Here is a look at the breakdown of this week’s grouping:
- 5 players between the ages of 30-34
- 14 players between the ages of 25-29
- 6 players between the ages of 20-24
- 9 infielders
- 7 starting pitchers
- 7 outfielders
- 2 catchers
If you are surprised by the number of players who are 29 or younger – a whopping 20 of the 25 players ranked in this group – you shouldn’t be. It stands to reason that the best way to build or maintain a winning dynasty team is with the best young players in the game. The older players are great to fill a hole, but not build around.
More and more of the top hitters are starting to get ranked as well as I skew my rankings in favor of the young hitters, though I don’t ignore starting pitchers as much as I used to. But if picking between a pitcher and a hitter who are close in the rankings, I will go with the hitter at this point.

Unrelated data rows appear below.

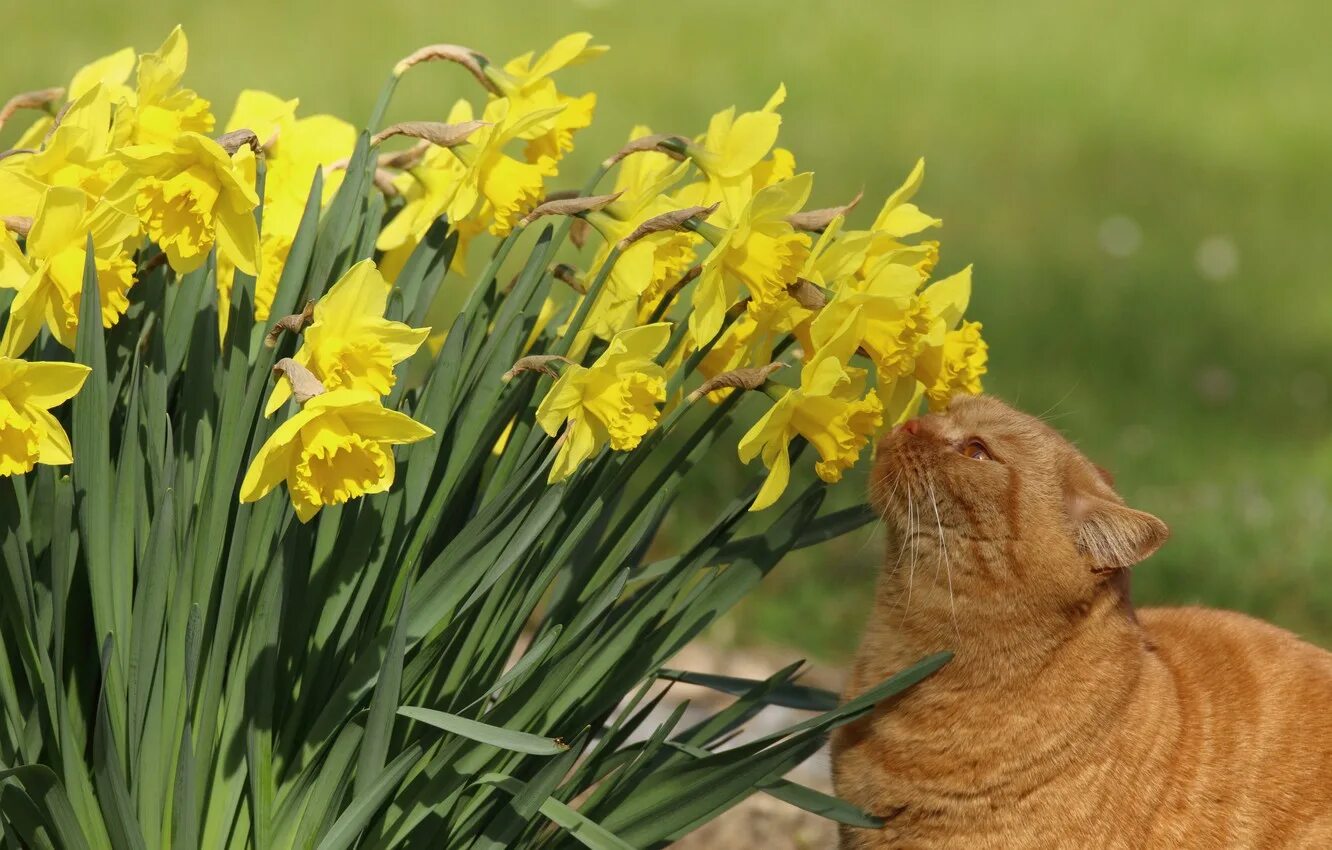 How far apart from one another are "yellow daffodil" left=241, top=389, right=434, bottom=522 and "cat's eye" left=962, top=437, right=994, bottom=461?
3.25ft

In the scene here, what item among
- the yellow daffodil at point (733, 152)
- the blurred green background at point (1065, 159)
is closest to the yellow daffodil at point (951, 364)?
the yellow daffodil at point (733, 152)

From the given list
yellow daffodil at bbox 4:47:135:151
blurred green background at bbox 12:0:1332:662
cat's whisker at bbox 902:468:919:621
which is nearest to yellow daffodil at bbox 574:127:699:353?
cat's whisker at bbox 902:468:919:621

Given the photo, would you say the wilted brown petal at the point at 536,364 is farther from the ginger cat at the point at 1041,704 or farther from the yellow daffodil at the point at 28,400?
the ginger cat at the point at 1041,704

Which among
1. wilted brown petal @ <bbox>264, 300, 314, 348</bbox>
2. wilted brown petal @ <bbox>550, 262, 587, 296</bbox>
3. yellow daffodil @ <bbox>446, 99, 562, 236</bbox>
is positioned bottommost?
wilted brown petal @ <bbox>264, 300, 314, 348</bbox>

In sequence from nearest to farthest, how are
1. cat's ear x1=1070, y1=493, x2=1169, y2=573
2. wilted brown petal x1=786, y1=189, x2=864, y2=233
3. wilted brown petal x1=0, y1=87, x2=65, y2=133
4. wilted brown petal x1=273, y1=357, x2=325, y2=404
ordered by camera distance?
wilted brown petal x1=273, y1=357, x2=325, y2=404, wilted brown petal x1=786, y1=189, x2=864, y2=233, wilted brown petal x1=0, y1=87, x2=65, y2=133, cat's ear x1=1070, y1=493, x2=1169, y2=573

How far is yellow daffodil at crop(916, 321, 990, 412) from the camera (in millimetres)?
1851

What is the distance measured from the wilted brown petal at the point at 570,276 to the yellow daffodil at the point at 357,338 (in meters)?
0.39

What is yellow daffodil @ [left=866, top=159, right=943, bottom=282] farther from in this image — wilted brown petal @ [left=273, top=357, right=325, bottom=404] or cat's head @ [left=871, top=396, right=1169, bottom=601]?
wilted brown petal @ [left=273, top=357, right=325, bottom=404]

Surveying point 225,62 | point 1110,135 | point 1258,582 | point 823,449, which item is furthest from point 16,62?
point 823,449

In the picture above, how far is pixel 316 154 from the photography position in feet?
6.37

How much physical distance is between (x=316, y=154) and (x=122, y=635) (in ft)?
2.21

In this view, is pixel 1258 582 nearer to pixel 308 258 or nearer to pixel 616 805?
pixel 616 805

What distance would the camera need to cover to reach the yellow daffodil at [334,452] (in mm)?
1370

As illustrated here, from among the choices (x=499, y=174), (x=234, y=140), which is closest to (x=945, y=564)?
(x=499, y=174) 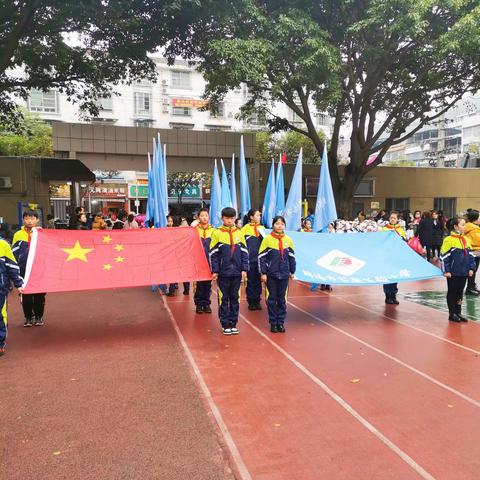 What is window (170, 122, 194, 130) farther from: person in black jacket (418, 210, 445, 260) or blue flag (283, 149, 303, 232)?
blue flag (283, 149, 303, 232)

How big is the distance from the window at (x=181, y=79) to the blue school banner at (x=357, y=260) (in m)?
35.0

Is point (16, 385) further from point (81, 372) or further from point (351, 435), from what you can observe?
point (351, 435)

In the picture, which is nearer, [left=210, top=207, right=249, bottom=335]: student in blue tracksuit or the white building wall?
[left=210, top=207, right=249, bottom=335]: student in blue tracksuit

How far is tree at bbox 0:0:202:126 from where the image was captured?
12.5m

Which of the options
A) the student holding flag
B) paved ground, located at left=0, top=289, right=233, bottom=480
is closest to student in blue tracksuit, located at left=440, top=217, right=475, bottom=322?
the student holding flag

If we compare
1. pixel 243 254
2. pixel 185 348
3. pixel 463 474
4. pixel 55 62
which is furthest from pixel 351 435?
pixel 55 62

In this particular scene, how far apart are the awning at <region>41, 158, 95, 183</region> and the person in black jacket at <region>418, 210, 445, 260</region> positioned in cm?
1229

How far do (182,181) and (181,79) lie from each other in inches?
393

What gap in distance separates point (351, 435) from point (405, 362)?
6.31 ft

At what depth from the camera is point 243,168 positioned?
9758 millimetres

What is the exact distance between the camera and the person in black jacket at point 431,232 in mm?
14023

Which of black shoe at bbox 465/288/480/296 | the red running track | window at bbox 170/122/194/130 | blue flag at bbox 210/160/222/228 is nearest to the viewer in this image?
the red running track

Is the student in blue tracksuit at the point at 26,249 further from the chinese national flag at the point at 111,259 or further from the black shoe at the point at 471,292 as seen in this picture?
the black shoe at the point at 471,292

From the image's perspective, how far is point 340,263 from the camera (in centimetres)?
708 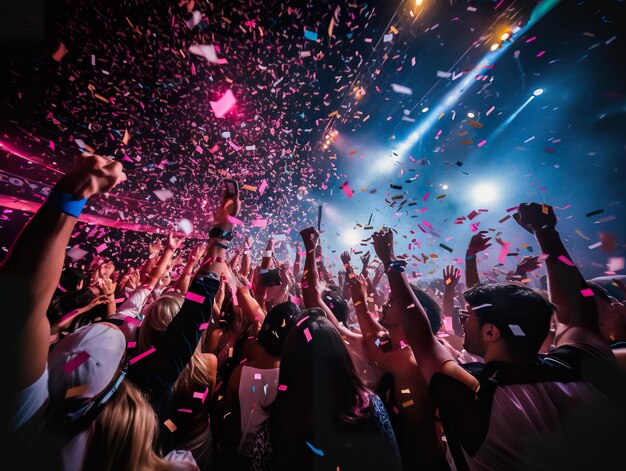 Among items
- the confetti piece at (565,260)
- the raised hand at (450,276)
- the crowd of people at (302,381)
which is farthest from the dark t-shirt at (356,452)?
the raised hand at (450,276)

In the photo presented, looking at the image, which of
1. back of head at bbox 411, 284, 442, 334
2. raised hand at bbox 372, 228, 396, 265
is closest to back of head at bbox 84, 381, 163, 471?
raised hand at bbox 372, 228, 396, 265

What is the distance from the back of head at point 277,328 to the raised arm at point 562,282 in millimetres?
2190

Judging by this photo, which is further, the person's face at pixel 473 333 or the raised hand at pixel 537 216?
the raised hand at pixel 537 216

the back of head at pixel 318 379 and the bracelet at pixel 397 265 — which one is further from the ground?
the bracelet at pixel 397 265

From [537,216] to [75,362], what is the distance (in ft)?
10.8

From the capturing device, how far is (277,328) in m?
2.19

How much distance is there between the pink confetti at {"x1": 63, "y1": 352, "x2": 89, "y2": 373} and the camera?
2.79ft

Now on to the Fantasy Baseball Dynasty Rankings: 100-76…
*Age as of April 1, 2024
Two Really Good, Aging Pitchers
What you read here will be very similar to what you read about Kevin Gausman below. Zack Wheeler is a very good pitcher. After three straight seasons of a sub-3.00 ERA, Wheeler had a 3.61 ERA last year – his worst ERA since 2017. But he had a 1.08 WHIP, producing a WHIP below 1.10 for the third consecutive season. And for the third straight season, he struck out more than a batter per inning, finishing with a 9.9 K/9 rate. His StatCast numbers are all fantastic. But Wheeler, like Gausman, is 33 years old this season. I worry about pitchers when they hit this age as the cliff is often coming soon. I don’t like to worry.
Looking strictly at numbers, Kevin Gausman should be ranked higher. Over the last three seasons, he has finished 6th, 9th, and 3rd in the Cy Young voting and he had a 3.16 ERA last year to pair with a 1.18 WHIP. He has not had a K/9 rate lower than 10.0 since 2018 and is coming off a season in which he had an 11.5 K/9 rate. His Chase% ranked in the 87th percentile and K% ranked in the 93rd percentile thanks in large part to a nasty split-finger pitcher. Opposing hitters managed only a .201 average and .176 slugging percentage against that pitch. So why is Gausman not ranked higher? Because he is 33. That is basically it. If you care only about the next two seasons or so, then rank him higher. But if you are building a staff, then there are younger pitchers I want ahead of Gausman.
The True Outcome Man
Kyle Schwarber is not an easy player to rank. On one hand, he is not a good “hitter” as he had a .197 batting average with a 29.9% strikeout rate last season. In 720 plate appearances, he struck out 215 times. But while Schwarber doesn’t hit for average, he has massive power and a great eye at the plate. He slugged 47 home runs and drove in 104 runs, ranking first and second among left fielders. He also scored 108 runs and, thanks to his 126 walks, he had an OBP of .343. Add that all together and this is where Schwarber lands. If you can’t stomach a slash line of .197/.343/.474, then move him down your rankings. But in OBP and OPS leagues, he is a very nice player to have.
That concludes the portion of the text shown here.